BBC News Indonesia telah berupaya menghubungi pihak Abu Mudi untuk mengonfirmasi pernyataannya yang menjadi dasar argumen dalam narasi anti-pemimpin perempuan.

Kami telah menghubungi tiga orang terdekatnya, tapi tak mendapat kesempatan untuk bertemu langsung.

Salah satunya menyatakan bahwa Abu Mudi tak bisa diwawancara karena sedang “batuk-batuk”.

Kami juga telah mendatangi langsung pesantrennya di Samalanga, Bireuen pada Sabtu (26/10). Namun saat itu, Abu Mudi disebut sedang tak ada di tempat.

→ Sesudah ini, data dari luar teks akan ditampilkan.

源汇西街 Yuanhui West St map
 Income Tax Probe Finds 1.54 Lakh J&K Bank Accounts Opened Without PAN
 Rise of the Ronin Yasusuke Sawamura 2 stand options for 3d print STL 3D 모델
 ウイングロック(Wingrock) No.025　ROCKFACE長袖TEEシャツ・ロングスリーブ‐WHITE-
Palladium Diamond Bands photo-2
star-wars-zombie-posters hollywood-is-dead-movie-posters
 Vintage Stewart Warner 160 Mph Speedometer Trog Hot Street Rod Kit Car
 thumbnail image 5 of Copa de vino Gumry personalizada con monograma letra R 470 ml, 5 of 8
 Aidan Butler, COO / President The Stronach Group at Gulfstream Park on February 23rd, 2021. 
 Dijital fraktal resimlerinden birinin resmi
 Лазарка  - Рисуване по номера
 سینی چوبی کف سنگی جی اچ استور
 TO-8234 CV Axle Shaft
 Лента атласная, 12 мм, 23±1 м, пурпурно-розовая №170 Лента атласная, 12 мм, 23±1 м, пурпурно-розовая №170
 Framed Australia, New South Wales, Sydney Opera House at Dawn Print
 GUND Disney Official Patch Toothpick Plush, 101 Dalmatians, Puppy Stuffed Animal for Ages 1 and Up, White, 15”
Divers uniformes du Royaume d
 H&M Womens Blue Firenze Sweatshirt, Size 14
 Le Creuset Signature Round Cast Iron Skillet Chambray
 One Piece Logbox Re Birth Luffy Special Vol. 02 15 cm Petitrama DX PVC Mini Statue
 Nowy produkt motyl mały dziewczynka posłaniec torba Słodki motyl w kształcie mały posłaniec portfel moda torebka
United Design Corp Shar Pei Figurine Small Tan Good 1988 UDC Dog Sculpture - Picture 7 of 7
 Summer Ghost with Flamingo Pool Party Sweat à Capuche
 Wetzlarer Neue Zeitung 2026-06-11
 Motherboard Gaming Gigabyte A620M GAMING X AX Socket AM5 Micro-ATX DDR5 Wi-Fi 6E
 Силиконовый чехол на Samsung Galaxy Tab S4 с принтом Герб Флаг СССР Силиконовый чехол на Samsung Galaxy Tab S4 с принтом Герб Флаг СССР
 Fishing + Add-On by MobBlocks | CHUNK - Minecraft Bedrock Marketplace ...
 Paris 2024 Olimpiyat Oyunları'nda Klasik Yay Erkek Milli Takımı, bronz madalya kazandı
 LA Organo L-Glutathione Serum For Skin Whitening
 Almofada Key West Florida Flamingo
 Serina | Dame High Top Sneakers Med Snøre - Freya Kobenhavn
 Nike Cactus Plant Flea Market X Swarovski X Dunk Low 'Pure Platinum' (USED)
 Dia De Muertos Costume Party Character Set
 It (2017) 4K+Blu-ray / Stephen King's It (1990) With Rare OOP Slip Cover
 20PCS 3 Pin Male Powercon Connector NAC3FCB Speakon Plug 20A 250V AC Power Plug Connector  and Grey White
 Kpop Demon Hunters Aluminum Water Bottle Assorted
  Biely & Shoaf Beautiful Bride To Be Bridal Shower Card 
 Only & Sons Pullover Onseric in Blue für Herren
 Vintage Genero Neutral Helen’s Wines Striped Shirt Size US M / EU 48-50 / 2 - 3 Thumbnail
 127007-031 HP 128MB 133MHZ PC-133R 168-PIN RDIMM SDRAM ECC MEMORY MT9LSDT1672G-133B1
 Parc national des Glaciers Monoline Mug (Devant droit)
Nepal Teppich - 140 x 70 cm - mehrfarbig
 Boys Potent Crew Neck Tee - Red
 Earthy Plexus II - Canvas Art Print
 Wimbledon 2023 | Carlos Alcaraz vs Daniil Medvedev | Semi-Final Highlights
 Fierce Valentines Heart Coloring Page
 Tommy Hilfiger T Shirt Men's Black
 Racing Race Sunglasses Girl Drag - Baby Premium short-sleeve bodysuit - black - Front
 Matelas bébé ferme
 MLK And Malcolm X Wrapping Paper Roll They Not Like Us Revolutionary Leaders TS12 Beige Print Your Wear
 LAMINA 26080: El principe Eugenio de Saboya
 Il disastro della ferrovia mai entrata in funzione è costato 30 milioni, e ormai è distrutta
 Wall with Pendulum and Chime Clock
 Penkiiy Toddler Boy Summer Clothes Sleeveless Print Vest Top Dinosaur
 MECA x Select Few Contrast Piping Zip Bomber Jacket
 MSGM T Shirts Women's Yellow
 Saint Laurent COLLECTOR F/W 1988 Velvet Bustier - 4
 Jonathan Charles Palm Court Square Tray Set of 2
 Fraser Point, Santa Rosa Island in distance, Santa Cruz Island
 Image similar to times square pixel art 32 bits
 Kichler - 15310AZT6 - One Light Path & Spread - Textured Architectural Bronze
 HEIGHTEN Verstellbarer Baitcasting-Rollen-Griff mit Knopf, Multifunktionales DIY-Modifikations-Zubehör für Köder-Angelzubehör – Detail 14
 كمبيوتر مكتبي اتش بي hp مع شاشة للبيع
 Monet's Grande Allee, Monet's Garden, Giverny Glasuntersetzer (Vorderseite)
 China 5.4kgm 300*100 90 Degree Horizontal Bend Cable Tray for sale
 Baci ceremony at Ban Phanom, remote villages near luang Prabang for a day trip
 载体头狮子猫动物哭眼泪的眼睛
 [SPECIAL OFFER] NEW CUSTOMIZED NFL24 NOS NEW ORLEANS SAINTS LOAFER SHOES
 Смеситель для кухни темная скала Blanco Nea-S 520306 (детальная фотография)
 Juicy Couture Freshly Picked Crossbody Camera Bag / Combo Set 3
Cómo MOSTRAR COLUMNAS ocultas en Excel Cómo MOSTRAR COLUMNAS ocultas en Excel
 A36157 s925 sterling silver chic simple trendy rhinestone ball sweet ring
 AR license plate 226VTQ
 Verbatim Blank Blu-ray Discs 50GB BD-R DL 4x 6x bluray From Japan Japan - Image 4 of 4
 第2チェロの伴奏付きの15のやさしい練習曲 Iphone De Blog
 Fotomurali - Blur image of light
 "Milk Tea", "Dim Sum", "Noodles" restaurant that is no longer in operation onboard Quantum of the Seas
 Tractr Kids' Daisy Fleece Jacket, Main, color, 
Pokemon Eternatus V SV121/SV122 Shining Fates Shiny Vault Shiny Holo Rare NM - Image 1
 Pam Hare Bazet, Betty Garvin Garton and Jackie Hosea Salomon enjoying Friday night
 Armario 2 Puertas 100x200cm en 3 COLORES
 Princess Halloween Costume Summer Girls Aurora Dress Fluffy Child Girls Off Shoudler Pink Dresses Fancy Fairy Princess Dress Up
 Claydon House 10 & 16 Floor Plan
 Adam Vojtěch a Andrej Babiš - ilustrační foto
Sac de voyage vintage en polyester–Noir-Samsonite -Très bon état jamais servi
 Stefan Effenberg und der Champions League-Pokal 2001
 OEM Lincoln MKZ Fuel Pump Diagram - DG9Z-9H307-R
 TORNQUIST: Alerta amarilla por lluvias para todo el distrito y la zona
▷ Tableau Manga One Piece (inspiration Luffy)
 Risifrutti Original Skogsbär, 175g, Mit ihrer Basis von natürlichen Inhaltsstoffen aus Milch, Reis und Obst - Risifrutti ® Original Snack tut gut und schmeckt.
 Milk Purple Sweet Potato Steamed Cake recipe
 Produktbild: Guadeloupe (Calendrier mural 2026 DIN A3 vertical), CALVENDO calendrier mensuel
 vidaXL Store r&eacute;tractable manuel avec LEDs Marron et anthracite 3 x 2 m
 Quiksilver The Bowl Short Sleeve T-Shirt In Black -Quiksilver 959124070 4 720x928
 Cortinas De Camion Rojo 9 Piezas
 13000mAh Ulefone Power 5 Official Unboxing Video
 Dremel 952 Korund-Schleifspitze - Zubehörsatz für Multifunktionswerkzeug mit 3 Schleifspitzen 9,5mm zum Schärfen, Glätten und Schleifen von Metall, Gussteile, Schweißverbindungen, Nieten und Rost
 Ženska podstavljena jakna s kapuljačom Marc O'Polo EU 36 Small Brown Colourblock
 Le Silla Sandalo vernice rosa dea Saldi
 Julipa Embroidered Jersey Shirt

Kami diarahkan untuk menghubungi salah satu asistennya, orang yang berbeda dengan yang kami hubungi sebelumnya. Asistennya tersebut justru mengatakan bahwa Abu Mudi sedang berada di Banda Aceh.

Kami sempat meminta agar Abu Mudi menanggapi narasi yang beredar ini, melalui pesan video atau tertulis. Namun respons itu tak diberikan sampai liputan ini ditayangkan.

‘Tidak ada Qanun yang melarang perempuan jadi pemimpin’

“Katanya perempuan enggak boleh jadi pemimpin, boleh enggak?” tanya Illiza Saaduddin Djamal di hadapan para pendukungnya di sebuah kampung di Banda Aceh pada Rabu (22/10).

“Boleh!” jawab para pendukungnya yang saat itu hadir, mayoritas adalah perempuan.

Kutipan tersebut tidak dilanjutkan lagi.